Laboratory of Computational Biology, National Heart, Lung, and Blood Institute, National Institutes of Health, Bethesda, Maryland 20824, USA.
Department of Chemical and Biomolecular Engineering, University of Maryland, College Park, Maryland 20742, USA.
J Chem Phys. 2022 May 14;156(18):184103. doi: 10.1063/5.0085607.
Finding a low dimensional representation of data from long-timescale trajectories of biomolecular processes, such as protein folding or ligand-receptor binding, is of fundamental importance, and kinetic models, such as Markov modeling, have proven useful in describing the kinetics of these systems. Recently, an unsupervised machine learning technique called VAMPNet was introduced to learn the low dimensional representation and the linear dynamical model in an end-to-end manner. VAMPNet is based on the variational approach for Markov processes and relies on neural networks to learn the coarse-grained dynamics. In this paper, we combine VAMPNet and graph neural networks to generate an end-to-end framework to efficiently learn high-level dynamics and metastable states from the long-timescale molecular dynamics trajectories. This method bears the advantages of graph representation learning and uses graph message passing operations to generate an embedding for each datapoint, which is used in the VAMPNet to generate a coarse-grained dynamical model. This type of molecular representation results in a higher resolution and a more interpretable Markov model than the standard VAMPNet, enabling a more detailed kinetic study of the biomolecular processes. Our GraphVAMPNet approach is also enhanced with an attention mechanism to find the important residues for classification into different metastable states.
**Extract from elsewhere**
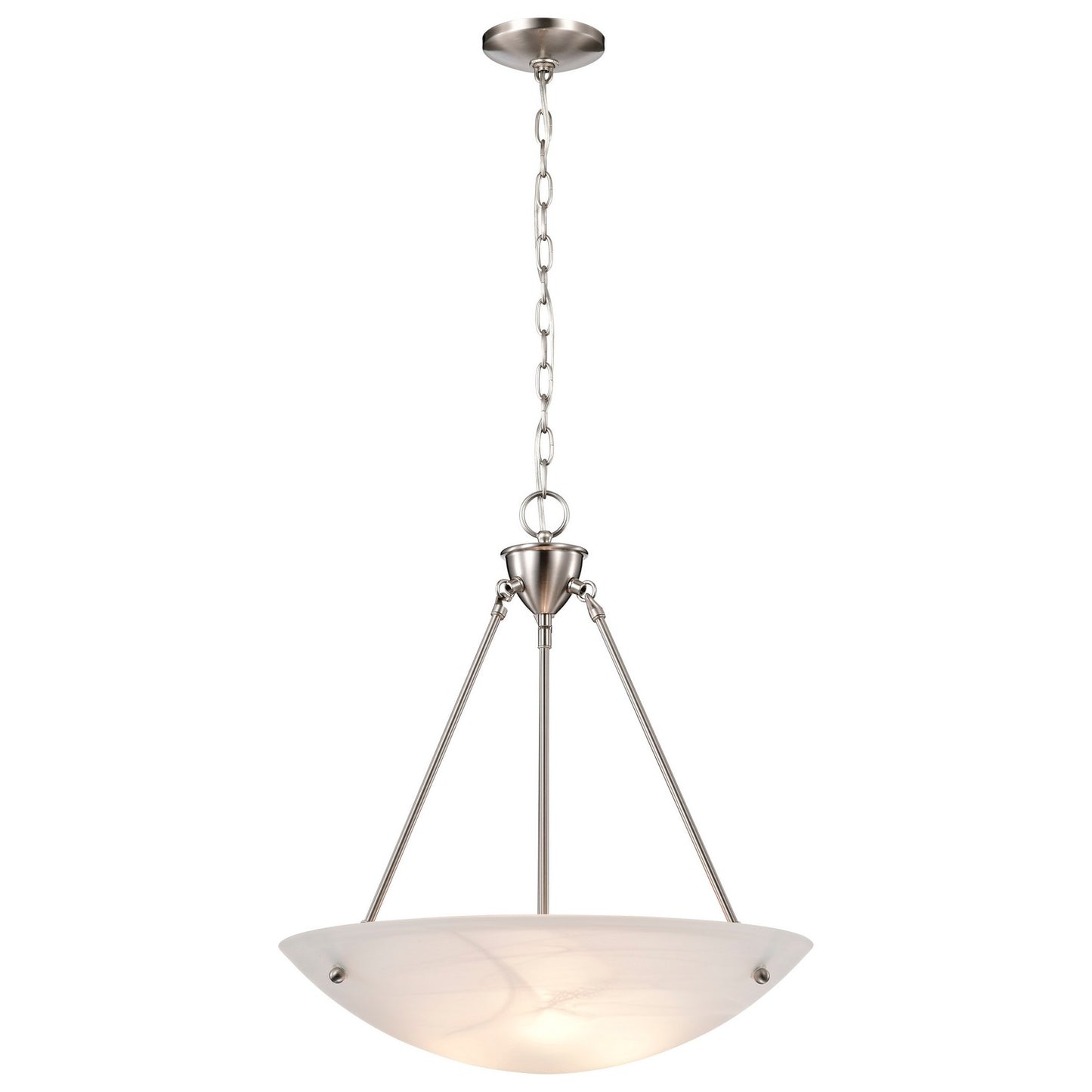 Nuvo Lighting-60-370|ALT|3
从生物分子过程(如蛋白质折叠或配体-受体结合)的长时轨迹中找到数据的低维表示,这一点非常重要,而动力学模型(如马尔可夫建模)已被证明可用于描述这些系统的动力学。最近,一种名为 VAMPNet 的无监督机器学习技术被引入,用于以端到端的方式学习低维表示和线性动力学模型。VAMPNet 基于马尔可夫过程的变分方法,并依赖神经网络来学习粗粒度动力学。在本文中,我们结合 VAMPNet 和图神经网络,生成一个端到端的框架,以便从长时分子动力学轨迹中高效地学习高级动力学和亚稳态。这种方法具有图表示学习的优势,并使用图消息传递操作为每个数据点生成一个嵌入,该嵌入用于 VAMPNet 生成粗粒度动力学模型。这种分子表示类型比标准 VAMPNet 产生更高分辨率和更可解释的马尔可夫模型,从而能够更详细地研究生物分子过程的动力学。我们的 GraphVAMPNet 方法还增强了注意力机制,以找到用于将不同亚稳态分类的重要残基。